* [Collected material]

====

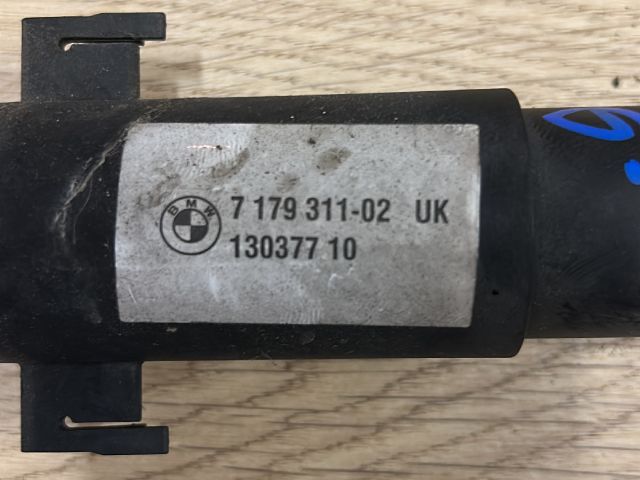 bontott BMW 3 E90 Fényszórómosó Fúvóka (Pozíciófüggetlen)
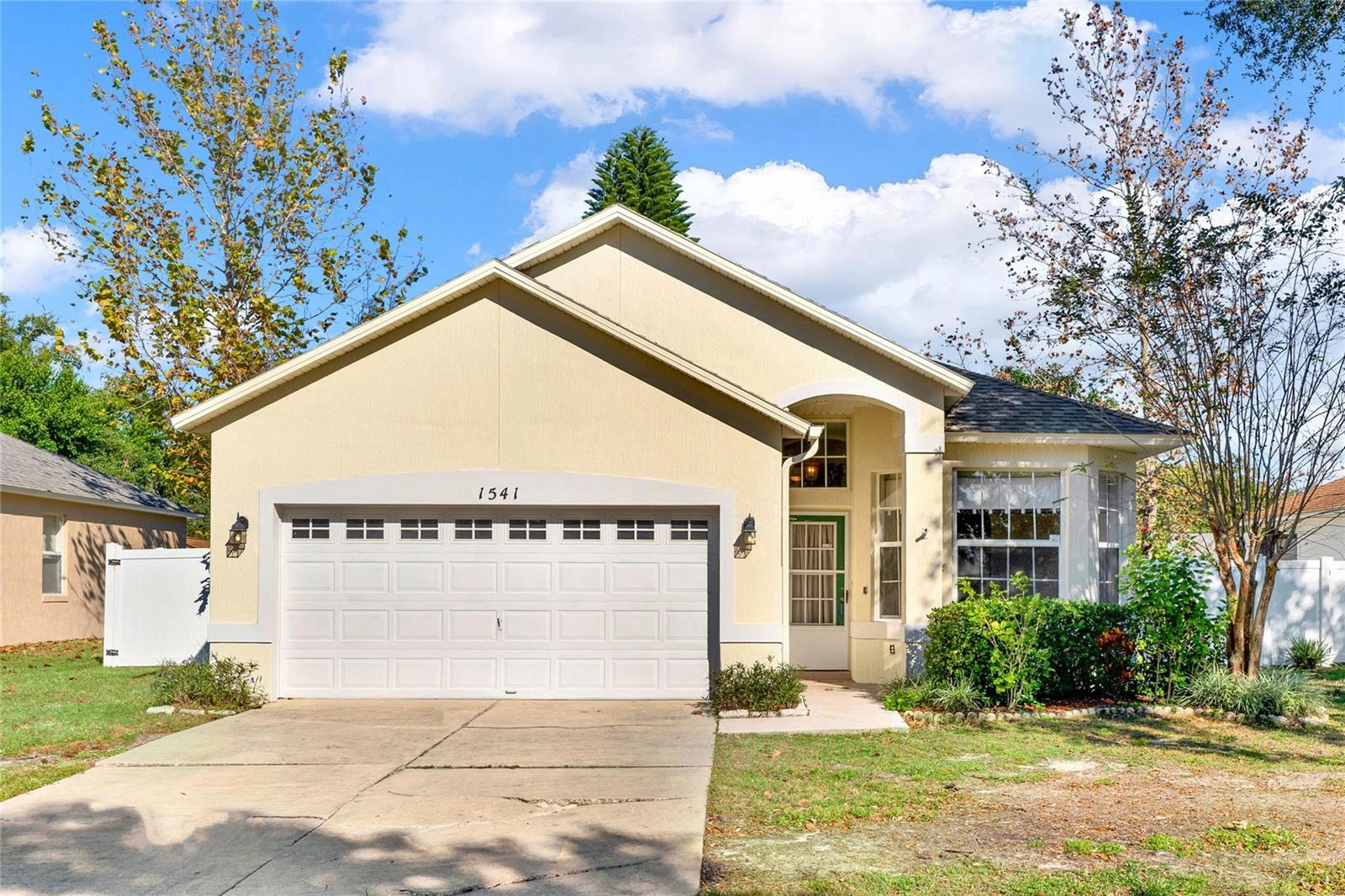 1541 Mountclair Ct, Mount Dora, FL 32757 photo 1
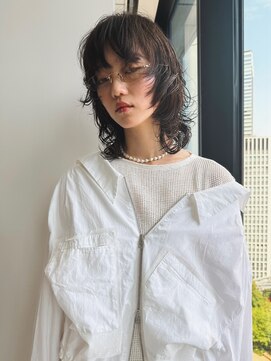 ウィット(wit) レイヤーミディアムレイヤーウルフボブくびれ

====

* [Exercise prompt] Could the data above be repeated exactly, with every picture dropped?

* [Answer to the exercise]
 bontott BMW 3 E90 Fényszórómosó Fúvóka (Pozíciófüggetlen)
 1541 Mountclair Ct, Mount Dora, FL 32757 photo 1
 ウィット(wit) レイヤーミディアムレイヤーウルフボブくびれ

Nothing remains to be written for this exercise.